Developers on the Scrum Team felt like they were often moving in different directions. Individuals would grab a piece of work, build it in their silo, and merge it into the others' work. Working in silos was creating quite a few problems for the team. Most notably:

- Code quality and cohesion issues were running rampant.
- Testers often were getting piled on late in the Sprint.
- Arguments over design decisions came late and were often heated debates.

This ‘team’ resembled more a cooperating group of individuals than it did a collaborating Scrum Team. Despite the commitment to working more together, it never seemed to come to fruition.

As Scrum Master, I felt like I was failing the Scrum Team. But what could I do to help bring transparency to these issues and give the team a better chance of working together moving forward?

During a subsequent Sprint Retrospective, I shared with the Scrum Team the trend of them trying (and failing) to further collaborate on work.
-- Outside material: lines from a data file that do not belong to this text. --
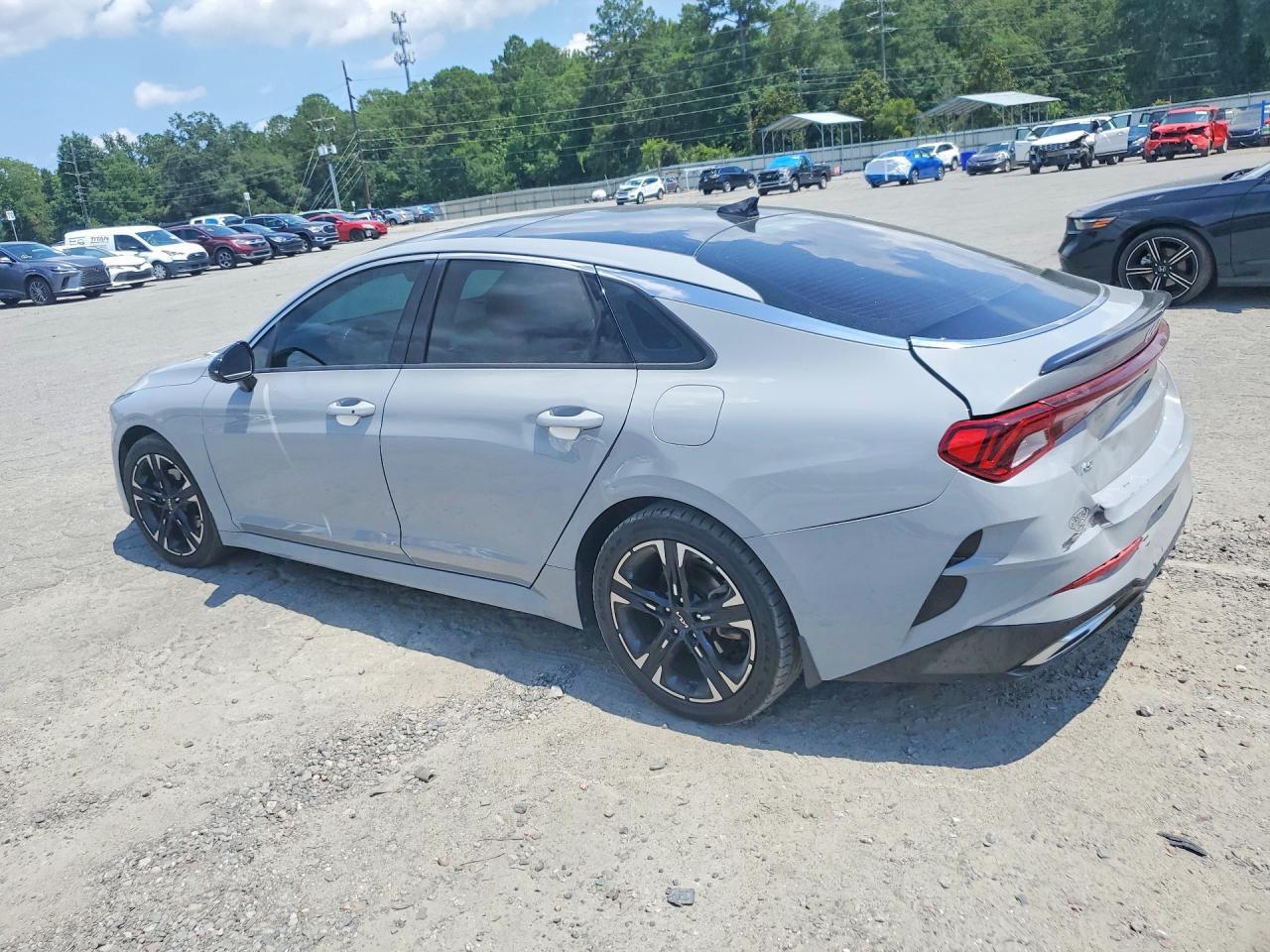 2022 Kia K5 Gt Line - Фото 2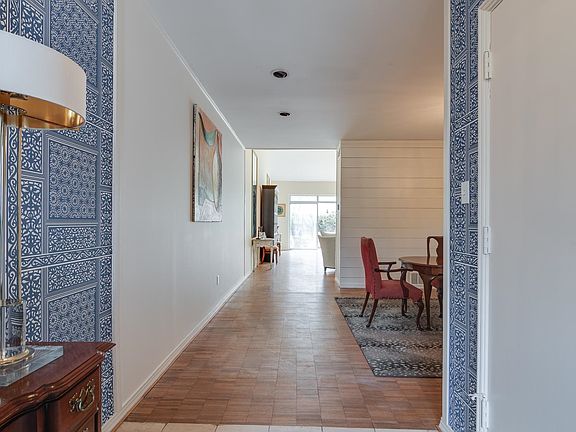5th image of 241 Baronne Pl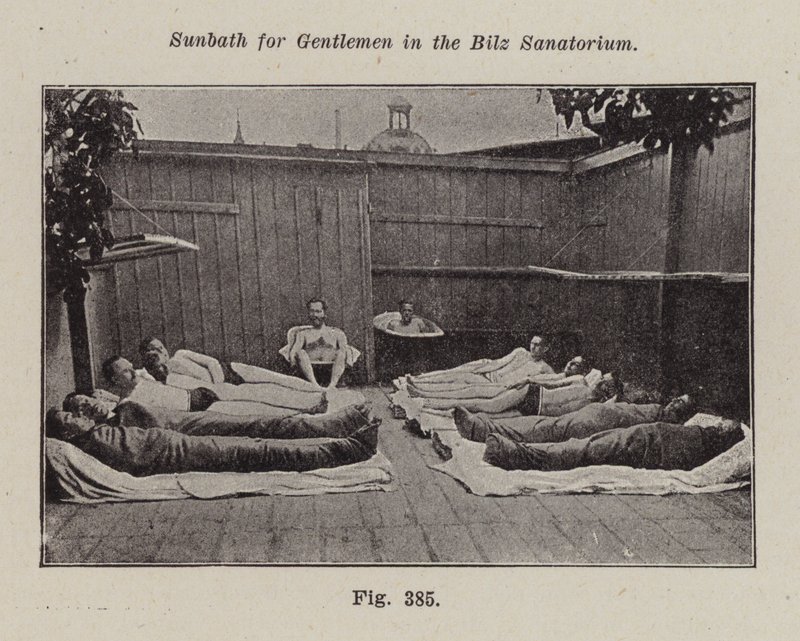 Bagno di sole per signori nel Sanatorio Bilz da European Photographer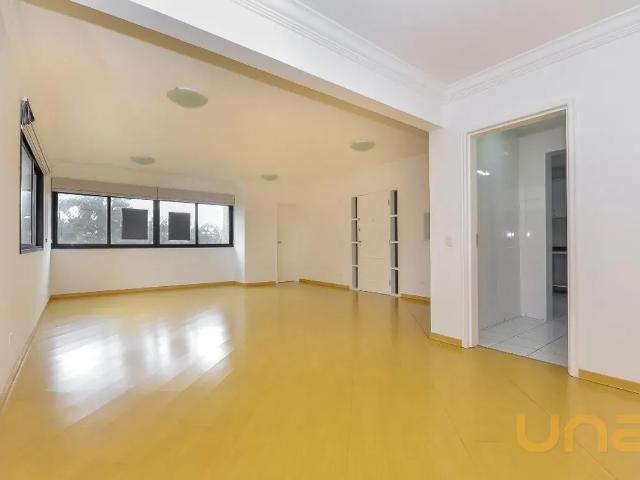 Apartamento no Mossunguê de 254 m² com 4 quartos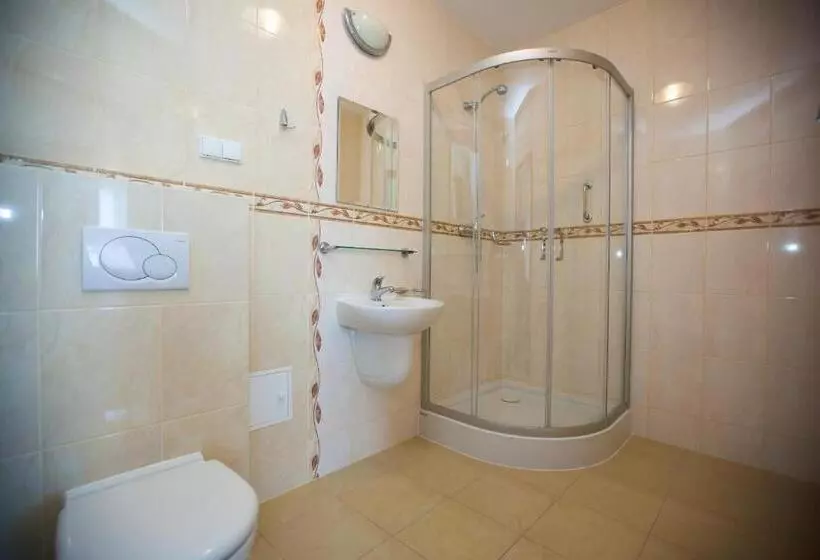اتاق استاندارد سه نفره, Posejdon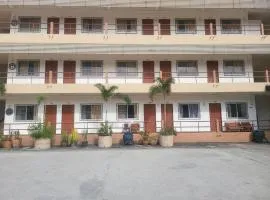 EKALUK PLACE INN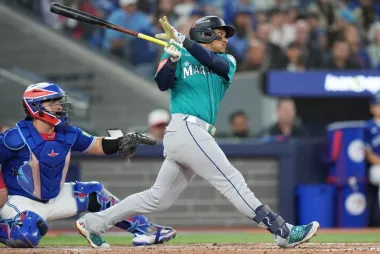 Marineros imparables y Cerveceros desafiantes: la batalla encendida por llegar a la Serie Mundial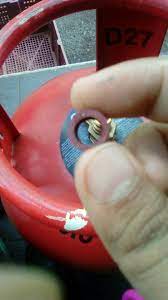 Bagi kamu yang tidak berani memasang tabung gas sendiri biasanya khawatir karena bila terjadi kesalahan akan gas akan meledak dan menyebabkan kebakaran. Pasang Kepala Gas Panik Berbunyi Berbau Terbalikkan Getah Masukkan Semula Mingguan Wanita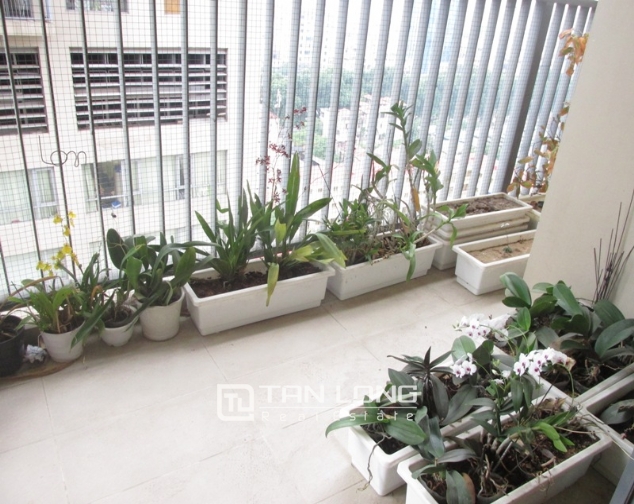 Fully furnished 3 bedroom apartment for rent in Sky City, Lang Ha str, HN 1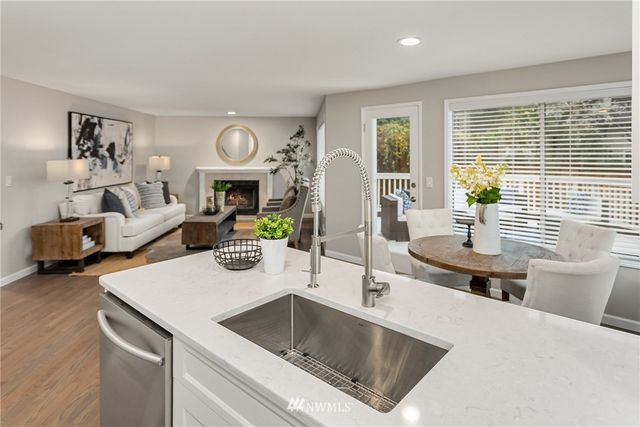 $1,310,000 | 23702 Northeast 25th Way, Sammamish, WA 98074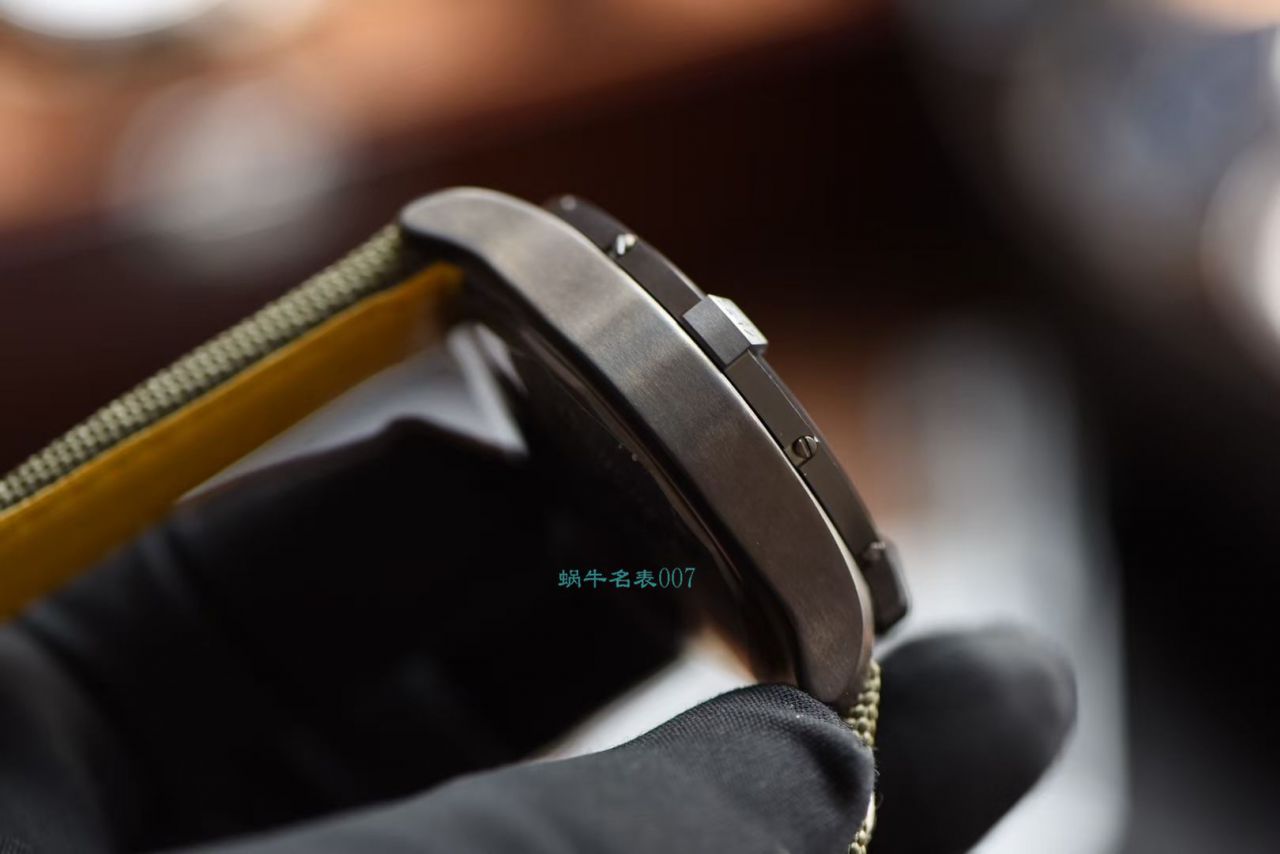OX Factory 1比1 Knockoff  Breitling  Watches 复仇者系列V13317101L1X1 wrist watches  / BL192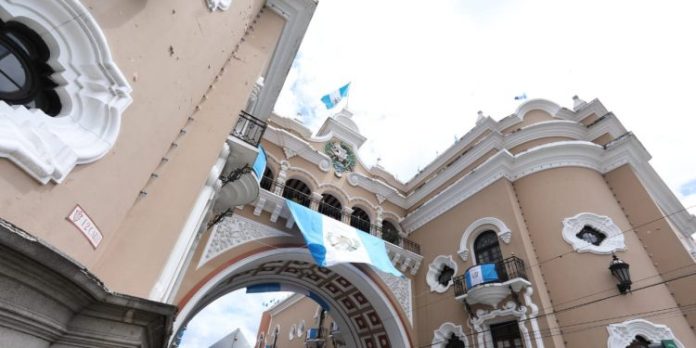 El CIV busca recuperar espacios del Edificio de Correos que son usados por MuniGuate para sus escuelas de arte. Foto: AGN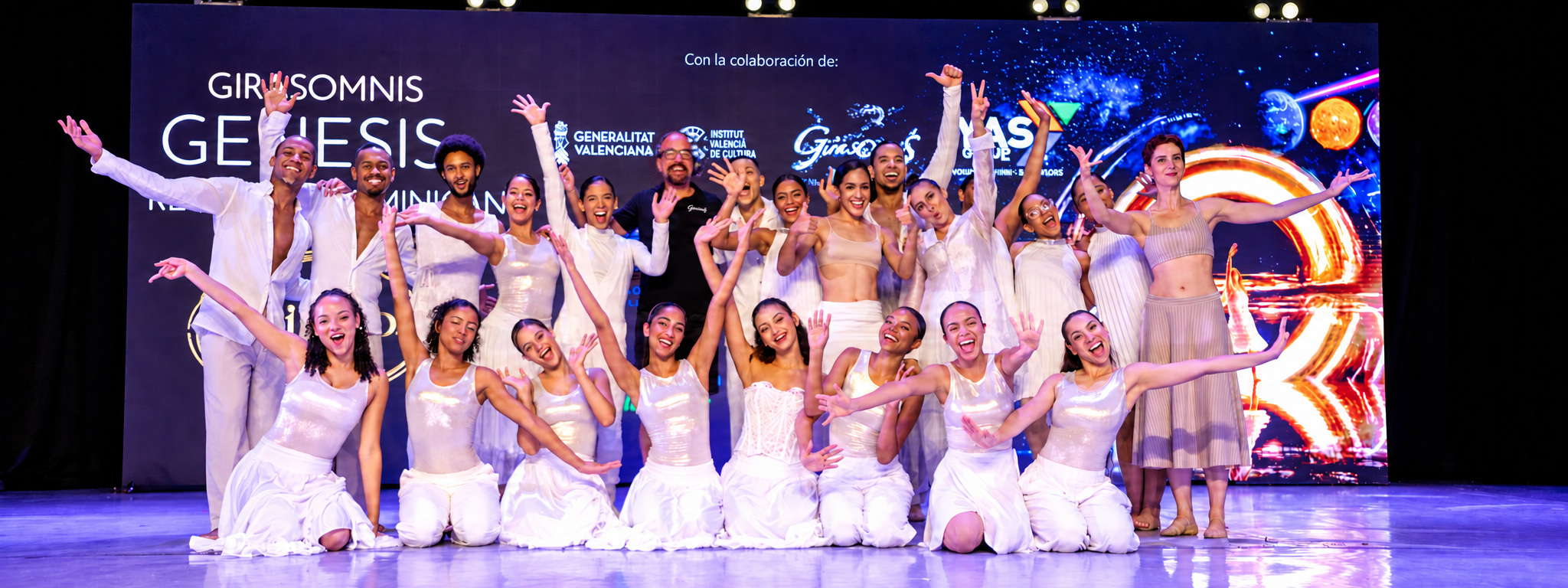 The GÉNESIS team on stage in the Dominican Republic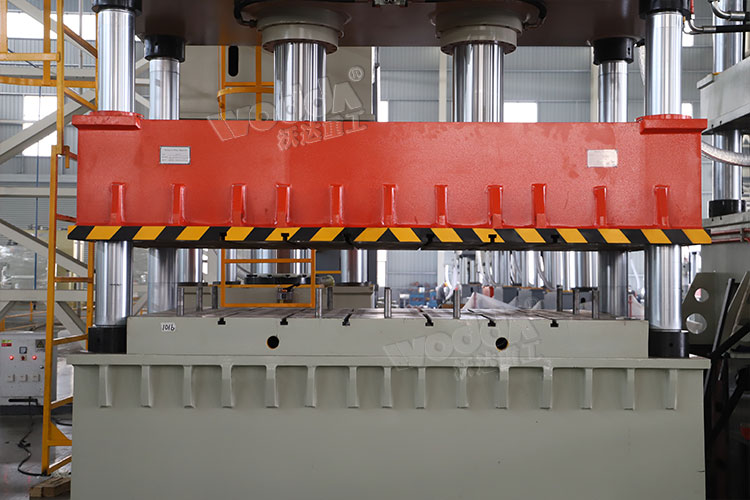 400吨四柱拉伸液压机细节图 400吨四柱拉伸液压机细节图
The team agreed but just didn’t know how to make further collaboration happen. They asked me for suggestions on practices they might use to help solve this issue.

My first suggestion was to limit WIP (Work in Progress) as a tactic that might further enable them to work together and create focus in the Sprint. The team had a visceral reaction. I went on the defense trying to sell the value of limiting WIP but quickly gave up and pivoted.
The pivot was to introduce the concept of Work Item Age (the time between when a work item has started and the current time). It was a less radical change in their eyes and something rather easy to measure. The team agreed to make Work Item Age a central part of the discussion during a Daily Scrum. The Daily Scrum, to the team, was a natural place to inspect Work Item Age and adapt how working together might keep something aging unreasonably.

For the next two Sprints, I observed the Daily Scrum and noticed a newfound attention being brought to what work was in progress, who was working on it, and how others might help. Work Item Age was enabling conversations that hadn’t been there before. Conversations went from stagnant to focusing on what could be done to keep an item aging beyond reason. The team was succeeding at collaborating on work!

Over time, the Scrum Team became more open to additional practices such as limiting WIP (Work In Progress) and a SLE (Service Level Expectation). They saw the value in other flow-based ideas that I would introduce all because of being cognizant of Work Item Age. I witnessed a cooperating group of individuals turn into a thriving collaborative team. The silos were busted and the aforementioned problems disappeared. This team was delivering!

Scrum is a framework for which many complementary practices exist. Scrum Teams often struggle to identify ways to work together. Implementing Kanban and Scrum together creates transparency around issues you may not know how to solve or didn’t even know existed.